What was your career path? How long have you been doing this?
I've always had a day job to support my music and the studio. Around 15 years ago I started transitioning from performing musician (guitar and bass guitar) to studio engineer and started recording and mixing. Only so much time in the day and I love being able to be a part of so many different musical projects, so I focused on recording and mixing. I still play music of course but it's more to write or play on a project I'm working with. My goal has been and still is to keep building my portfolio and eventually build a commercial facility and transition to music production full time.
Which artist would you like to work with and why?
Kongos, I like their blending of genres, they have cool songs and a very unique production.
Can you share one music production tip?
Constantly check what your are doing via "bypass" to make sure you are making sounds better and not just changing them.
What type of music do you usually work on?
Rock & Alternative but I would like to do more Pop, World and Americana.
What's your strongest skill?
Being a good listener and being empathetic to what the song means for the artist, which allows me to better share the musicians vision and be a beneficial entity to accomplishing their goals.
What do you bring to a song?
Passion for music and helping musicians express their music to the world, in other words I really put my all into your music. I have a background in writing and can offer help to musicians in writing parts, song arrangement, production goals and accomplishing certain sounds. Being a musician myself I've been behind the microphone and I work really hard at creating an experience that allows musicians to perform their best.

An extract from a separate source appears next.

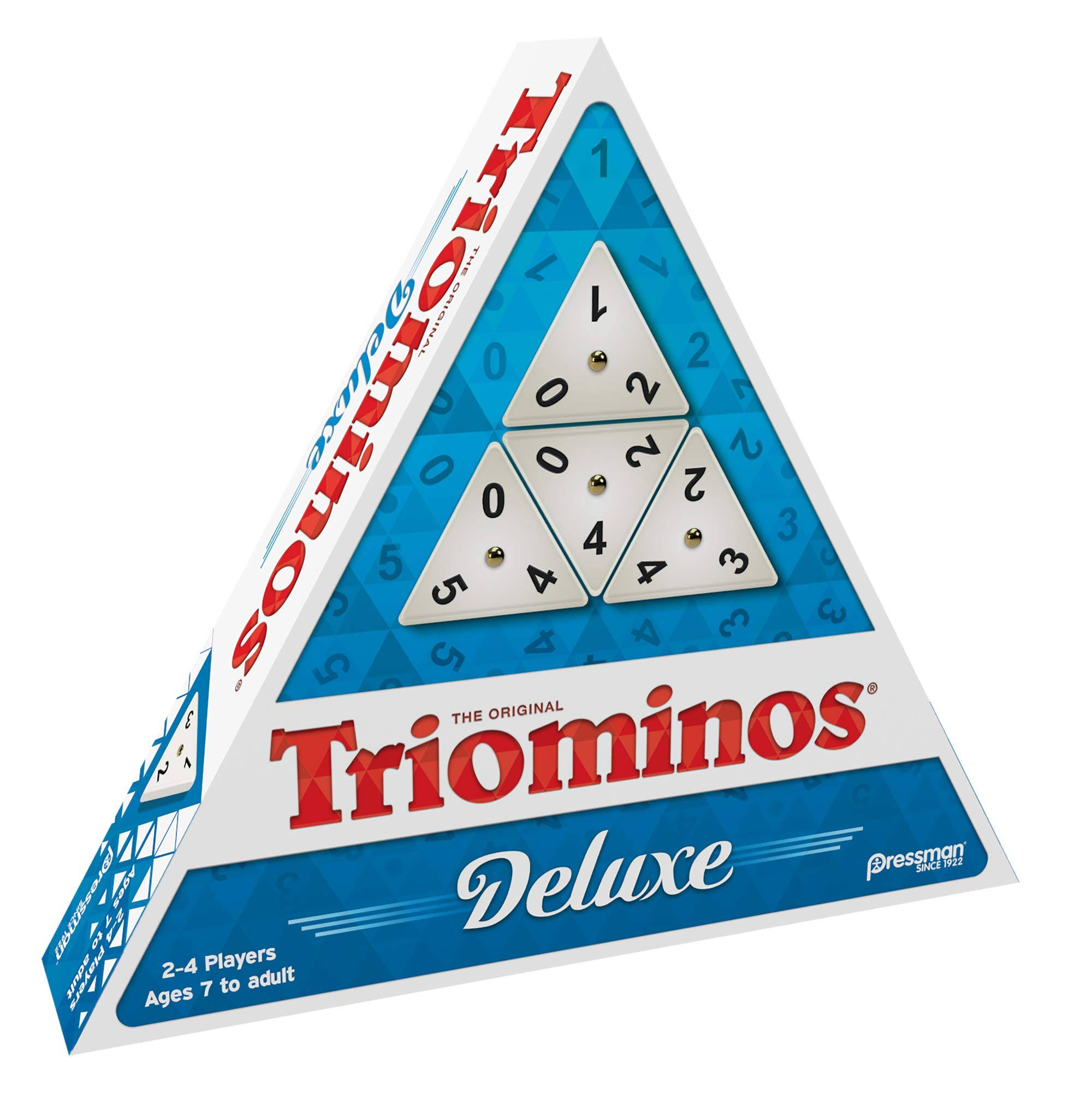 Pressman Toy Tri-ominos Game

What's your typical work process?
For recording when possible I prefer one or two pre-production meetings to get a solid vision of the production. Full band projects they generally follow one of these processes; band all performs together to get good scratch tracks and we overdub starting with drums or the band all performs together and we record "keeper" tracks for drums and or drums and bass. followed by overdubbing everything else. My live room is not suited to full band off the floor recordings with lots of bleed.
Mixing is time by myself to get everything in order and to build a basic mix, if the band is recording with me, this is generally all ready from well done tracking. From there the musicians are welcome to attend the follow mix sessions or I can stream mix sessions which can be great as you listen to the mix in a setting you very familiar with, your living room or car for example.

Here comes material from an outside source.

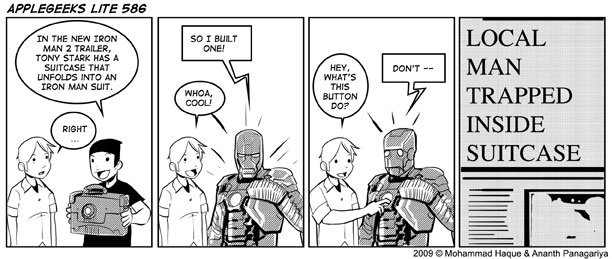 comic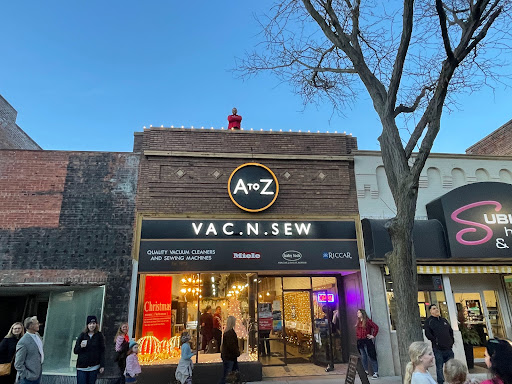 A To Z Vac N Sew - Thumbnail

Tell us about your studio setup.
32 channels of Apogee Symphony for tracking and conversion to the Shadow Hills Equinox summing box, which feeds my buss compression. 16 channels of Apogee DA and AD16x which is used for I/O insert points to access analog hardware which includes; 20 channels of analog compression, 16 channels of analog eq, 6 channels of analog distortion and saturation. Barefoot MM27s for monitoring in a very accurate room. Small live tracking room which is suitable for drum sets, horn ensembles, small vocal groups, guitar amps, etc.

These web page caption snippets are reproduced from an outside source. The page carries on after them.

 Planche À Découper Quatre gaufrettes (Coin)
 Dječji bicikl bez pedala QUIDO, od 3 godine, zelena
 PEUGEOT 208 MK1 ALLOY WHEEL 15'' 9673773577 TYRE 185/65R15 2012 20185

What other musicians or music production professionals inspire you?
I find most productions to be interesting so I find inspiration in many genres and artists.
Describe the most common type of work you do for your clients.
Working with bands to record and mix their song or songs is what I do the most currently. This generally includes pre-production time to prepare for tracking and developing a solid vision for the production. Mixing previously recorded music is much different than starting with the project from the beginning but I really enjoy it as well.